Jednak zanim zaczniesz biegać po kolejnych obszarach Zony, warto dokładnie zbadać każdy z nich. Teren taki składa się zarówno z rejonów dzikich i przez lata zarosłych krzakami i chwastami, jak i pozostałości dawnych sadyb ludzkich, fabryk, kołchozów, piwnic. W takiej strefie znajdują się miejsca silnie skażone w których przebywanie dłużej niż kilka sekund kończy się niechybną śmiercią, oraz obszarów gdzie chodzić można w miarę swobodnie. Obok terenów nawiedzanych przez mutantów i potwory znajdują się enklawy Stalkerów. To rodzaj ich baz polowych urządzanych w opuszczonych wsiach, zrujnowanych fabrykach i składach. Przemieszczać się po Zonie należy od tych właśnie (w miarę) bezpiecznych punktów, do kolejnych. A każdy z nich niech będzie twoją placówką wypadową do rajdów po dzikim terenie. W obozowiskach tych spotkasz Stalkerów, zarówno tych starych jak i młodych, niedoświadczonych jak ty. Warto tu z każdym pogadać, wypytać o Zonę, o skarby i plotki. Czasem ktoś może mieć tu jakieś zlecenie lub prośbę. By nie być w Zonie samemu jak palec, warto zdobyć sobie przyjaciół.

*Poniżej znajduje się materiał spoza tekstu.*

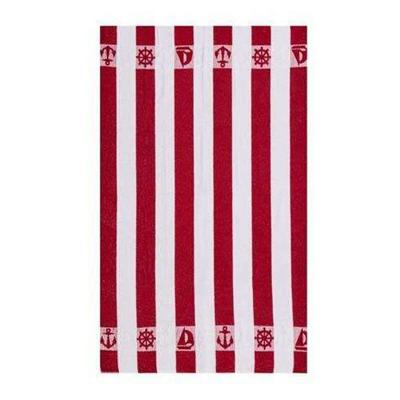 Strandhanddoek Secaneta 100 x 160 cm Strepen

Twój największy przyjaciel
PDA to zarówno system łączności, podręczny komputer, mapownik i baza danych w jednym. To najważniejsze urządzenie w całej grze. Przede wszystkim będzie służyć ci jako mapa Zony. Tutaj zawsze znajdziesz plan okolicy z zaznaczoną twoją pozycją i znanymi ci miejscami wokoło. Dodatkowo w PDA znajduje się lista wszystkich aktualnych zadań. Jeśli zgubisz się lub po prostu nie wiesz co zrobić, wystarczy wybrać misję i urządzenie wskaże ci gdzie należy pójść, oraz do kogo trzeba później wrócić aby odebrać stosowną nagrodę.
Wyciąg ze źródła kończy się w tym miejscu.